A network built on stolen devices
U.S. and European authorities announced Thursday that they are shutting down SocksEscort after several years in business. The service worked by infecting routers and other internet-connected devices with malware, turning them into hotspots that masked the true location of cybercriminals.
According to the Department of Justice, the network quietly infiltrated at least 369,000 devices spread across 163 countries. Criminals could then direct their attacks through those compromised vehicles, making them much harder to trace.
The operations center malware, known as AVrecon, was publicly identified by cybersecurity firm Black Lotus Labs by July 2023. The network still worked.

Source: DOJ
The dismissal was not an agency effort.
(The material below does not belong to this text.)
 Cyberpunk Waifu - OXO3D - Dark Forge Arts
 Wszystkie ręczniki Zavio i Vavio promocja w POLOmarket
Law enforcement agencies from Austria, France, Germany, Hungary, the Netherlands, Romania and the US worked together on the case.
On the US side, the FBI’s Sacramento Field Office, the Oakland IRS Office of Criminal Investigation, and the Department of Defense’s Criminal Investigative Service are all involved.
Europol and Eurojust provided cross-border coordination support. Black Lotus Labs and the nonprofit Shadowserver Foundation provided technical information that helped investigators connect the dots.
Criminals have paid in crypto to remain anonymous
SocksEscort didn’t just attract individual bad actors. It worked like a business. Customers paid to access the service, and they did so anonymously – using cryptocurrency to avoid a financial footprint.
According to reports by Europol, the platform earned at least 5 million euros, about 5.7 million dollars, from its paying users during its lifetime.
Authorities were eventually able to seize 34 domains, shut down nearly two dozen servers operating in seven countries, and freeze approximately $3.5 million in crypto associated with the operation.
Europol Executive Director Catherine De Bolle said proxy services allow such criminals to carry out attacks, transmit illegal content and evade detection. He appreciated international cooperation to expose the infrastructure behind it.
Fraud has spread from bank accounts to crypto wallets
The crimes made possible by SocksEscort were beyond any single method. Officials have linked the network to bank fraud and the seizure of cryptocurrency accounts dating back to 2020.
The New York casualty case was different in scale, but reports indicate that the damage was spread across countries and target species.